Hamas'ın askeri kanadı Kassam Tugayları, 7 Ekim'de işgal rejimine "Aksa Tufanı" isimli geniş kapsamlı bir operasyon başlatmıştı.
İsrail rejiminin Gazze'de saldırısının yankıları sürerken çatışmalar da 18. gününe girdi.
Peki İsrail'in Gazze'ye olası kara saldırısının sonuçları ne olacak?
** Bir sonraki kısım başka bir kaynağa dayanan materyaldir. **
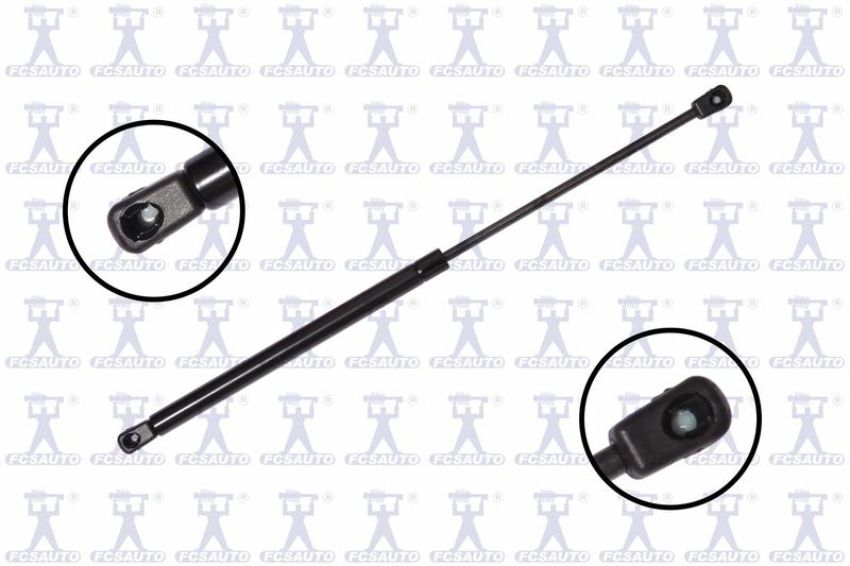 FCS Struts 84644 Back Glass Lift Support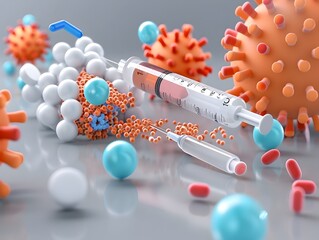 Poster - indepth analysis insulin vs oral antidiabetic mechanisms of action in diabetes management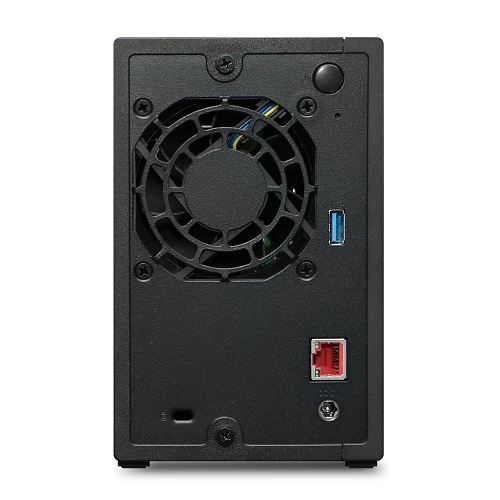 ASUSTOR DRIVESTOR 2 AS1102T �̿���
Mehr Haber Ajansı, Gazze'deki son gelişmelerle ilgili İstanbul Yeni Yüzyıl Üniversitesi Rektörü Yaşar Hacısalihoğlu ile Skype üzerinden bir röportaj gerçekleştirdi. Aşağıdaki yazıda bu röportajı okuyabilirsiniz:
1- İsrail, askeri operasyonları durdurmanın yeni şartını, tutukluların serbest bırakılması ve Hamas'ın teslim olması olarak açıkladı. İsrail'in Hamas'ın reddedeceğini bilmesine rağmen neden bu şartı önerdiğini düşünüyorsunuz?
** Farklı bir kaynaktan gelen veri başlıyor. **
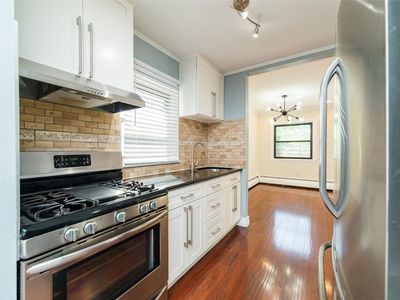 2241 Palmer Avenue #2C, New Rochelle, NY, 10801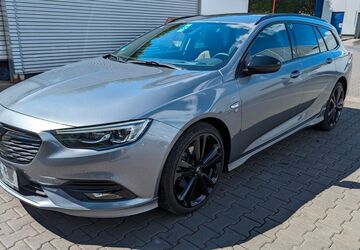 Opel Insignia 78.000 km 17.499 &euro; Schwabach 91126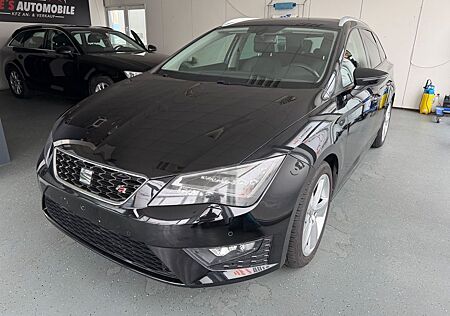 Seat Leon ST 1.4 TSI FR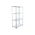  Стеллаж Gigant СТФР G-СТФР-1054-2,0 2000x1000x500 мм 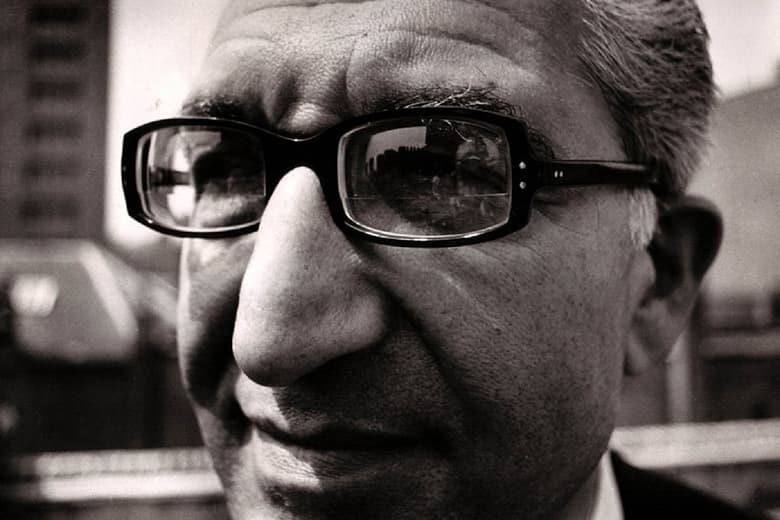 Oliver Goldsmith Pop-UP Store @ ELIMINATOR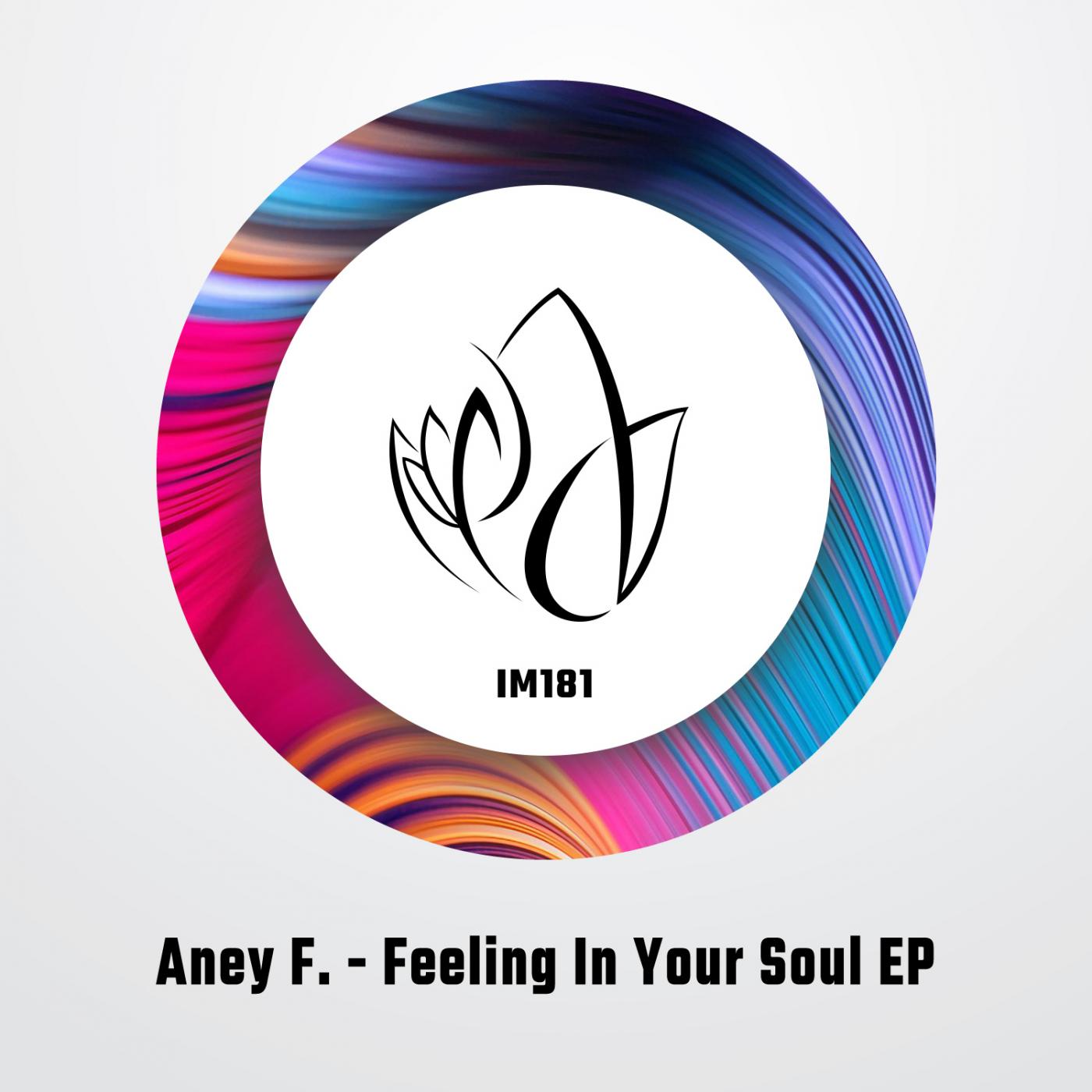 Feeling In Your Soul EP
İçeride özellikle de rehinelerin ailelerinin başını çektiği bir tepki var. Hatta dün Tel Aviv'de “Netanyahu'yu alın rehineleri bize verin” sloganları atıldı. Yeni geçen haberde de İsrail'in rehineleri kurtarma amaçlı kısıtlı bir operasyon haberidir. Bunun tabii başından beri konuşulan kapsamlı harekat denilen sürecin bir parçası olarak da görmemek gerekiyor. Çünkü bu konu ile ilgili İsrail'in titizliği var. Gazze'nin üstü tamam da altından kaygı büyük. Dolayısıyla evet İsrail’in asıl amacı Hamas'ı çökertmek, Gazze'yi insansızlaştırmak ve bu bölgeye el koymak. Bu cok açık.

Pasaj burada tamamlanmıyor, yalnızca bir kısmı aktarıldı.